Building Integrated Photovoltaics: Technical and Aesthetic Prospects
( Polgampola Chamani Madara ),( Hasnain Yousuf ),( Muhammad Aleem Zahid ),( Suresh Kumar Dhungel ),( Youngkuk Kim ),( Junsin Yi ) 한국전기전자재료학회 2024 전기전자재료학회논문지 Vol.37 No.2
The energy demand in the world is expected to exceed 740 million TJ by 2040 and our dependence on fossil fuels needs to be switched to sustainable and renewable energy sources like solar energy. Building Integrated Photovoltaic (BIPV) is one of the best approaches to extracting solar energy.
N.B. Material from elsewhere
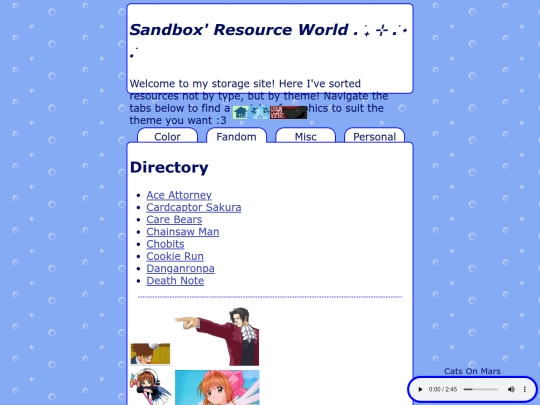 Website screenshot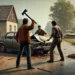 Doi frați din Botoșani, care s-au izbit intenționat cu mașina în autoturismul unui rival și au năpustit asupra acestuia cu un topor și un levier, au fost condamnați definitiv la câte doi ani și opt luni de închisoare cu suspendare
There are more than 200 BIPV products in the market currently but when it comes to integrating these products into the technical aspects such as buildings’ structural integrity, thermal, daylight retainment and aesthetic prospects to be considered. The share of BIPV integration potential of different building types in the world of residential, agricultural, industrial, commercial and other buildings account for 66%, 4.8%, 8.1%, 19.9%, and 1.2% accordingly. Many solar technologies developed to achieve architectural requirements, but the main problem is the trade-off between efficiency and aesthetic appeal, which is less than 10% in coloured and transparent solar modules. This paper discusses the different applications of solar photovoltaics (PV) in building architecture, technical requirements, and different module technologies. The article provides a comprehensive guide for researchers and designers working on the development of BIPV integrations.